As we have said before, one thing that Jennifer isn’t very good at is judging potentially embarrassing situations, and she so often says the wrong thing. To celebrate her birthday, she is holding a family supper party and various members of the family are contributing dishes. Why? For what that kitchen cost, I’d expect it to come up with - and cook - the entire menu. Adam brings a cake that Ian has made and Brian wants to discuss the forthcoming Estate contract. Jennifer suggests that they invite Charlie to the supper, as it might be their last chance to say ‘goodbye’ before he is exiled to the frozen north.
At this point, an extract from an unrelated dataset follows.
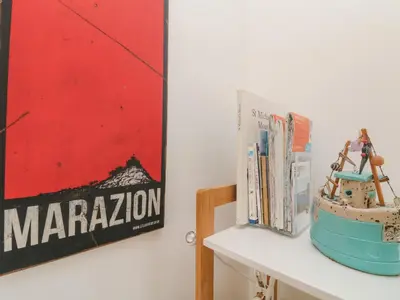 a shelf with books and a poster on a wall at Mackerel Sky in Marazion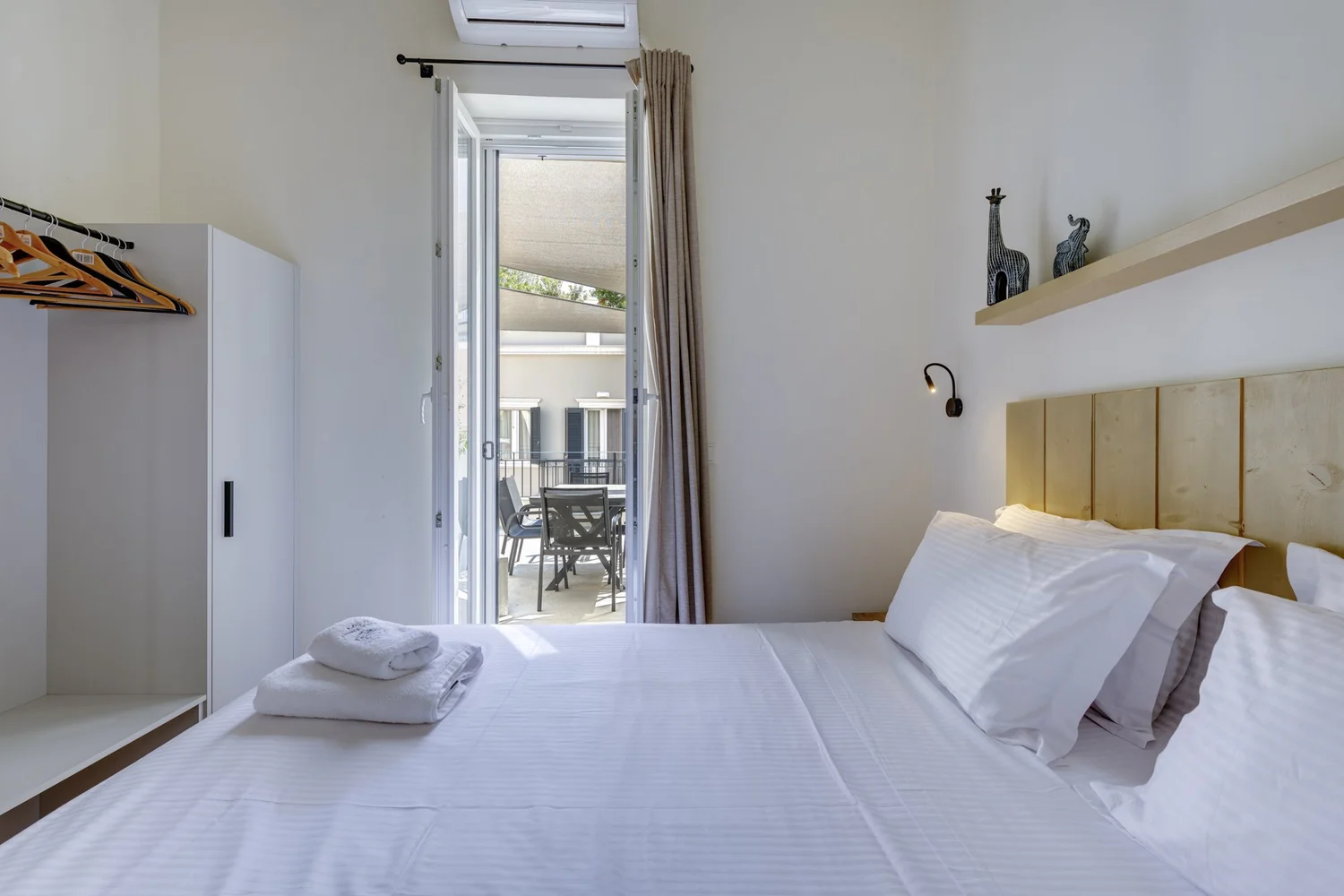 Bedroom two doors opening directly to the lower terrace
Brian points out that it is a family gathering and Jennifer says brightly: “You’d like him to come, wouldn’t you, Adam?” She doesn’t even notice that Adam doesn’t give her an answer, when he says “Shall I take Ian’s cake indoors?”

Earlier, we spoke of milking suspense. Phoebe’s offer had nothing on the ‘shall we, shan’t we?’ story of whether Brookfield should adopt Rooooth’s plans for the future. Without going through the tedious conversations, let’s rush through the highlights, day by day.
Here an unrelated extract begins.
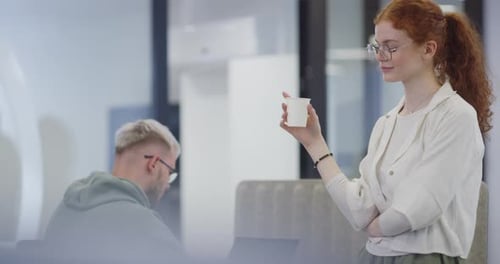 Young Woman Holding Cup in Modern Office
Sunday: Peggy notices that Jill is grinning like a cat that’s got the cream - is it a new man? No, it’s better than that, but Jill can’t tell anyone, although she does; first Peggy and then Brian. Rooooth asks David isn’t it exciting? In leaden tones, he says “Yes Rooooth, very exciting.”
Monday: Brian tells Jen that David asked him to keep the Brookfield news to himself (obviously he didn’t, but it doesn’t matter, as Jen’s head is full of Oxford - this is before we knew about Phoebe).
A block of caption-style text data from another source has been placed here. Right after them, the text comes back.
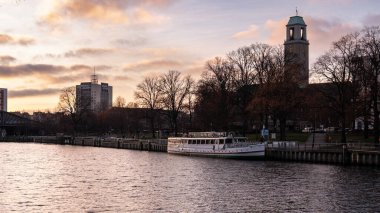 Gün batımında şehrin içinden akan sakin bir nehrin geniş panoramik görüntüsü, tarihi binalar, set boyunca uzanan ağaçlar ve suya yansıyan yumuşak yansımalar. Sıcak akşam ışığı ve bulutlar barışçıl ve atmosferik şehir manzarası yaratır..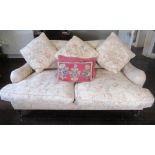 George Smith Standard sofa, with serpentine back and scroll arms on turned supports with brass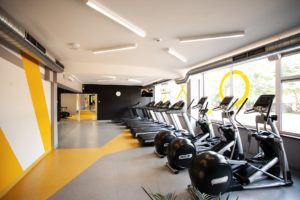 KTU ACTIVATed Gym treniruoklių salės patalpa geltonos ir pilkos spalvų sienomis bei grindimis, kurioje stovi kardiotreniruokliai
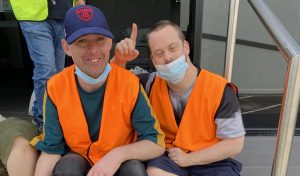 two men wearing orange high vis vests are smiling at the camera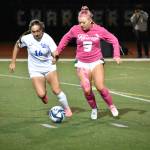 Makenna Bennett takes on a Tahoma player in a fight for possession. Ben Ray / The Reporter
Tuesday: Rooooth notices that David isn’t doing handsprings and asks if he’s having second thoughts. “No, not at all.” is his unconvincing reply.
Wednesday: We were spared further procrastination.
Thursday: Rooooth confronts David, who confesses that he can remember all the births of the cows and they are like family, which would make Pip, Josh and Ben unhappy, if they heard it. Honestly! When there was the uncertainty about the cows’ future a few years ago, it was Rooooth who appeared to be in love with the bovines and now it’s David who’s cowlovesick. Rooooth says that he mustn’t go for the plan just to please her and, if he has doubts, they won’t do it.
Friday: A decision! Dave has gone through all the figures and he accepts that Rooth’s plan is the best way forward. “This isn’t your husband talking; it’s your business partner” he tells her. To celebrate, they walk up Lakey Hill, taking torches as it will be dark when they get to the top, and there are protestations of love and optimism for the future. Sadly, they are caught out by a flurry of snow and freeze to death in each other’s arms, unable to escape. Sorry, I got carried away there, although Friday’s episode did end with the couple racing to the top of Lakey Hill.

Toby had prepared a presentation for David and Rooooth, in which he invited them to invest in the Fairbrothers’ business, which would go global in five years. He makes the mistake of talking to David all the time and Rex realises that Rooooth is the person they should be addressing, as she asks all the awkward questions. For example, Toby, when making the case to be allowed to stay at Hollowtree, says “Most of our area is on a slope…” Rooooth interrupts with “Your area?” and Rex spends most of the meeting continually telling Toby just to shut up and listen. Wise words Toby - that’s your New Year’s resolution sorted; forget you were a banker and try a slice of humility for a change. What are the chances?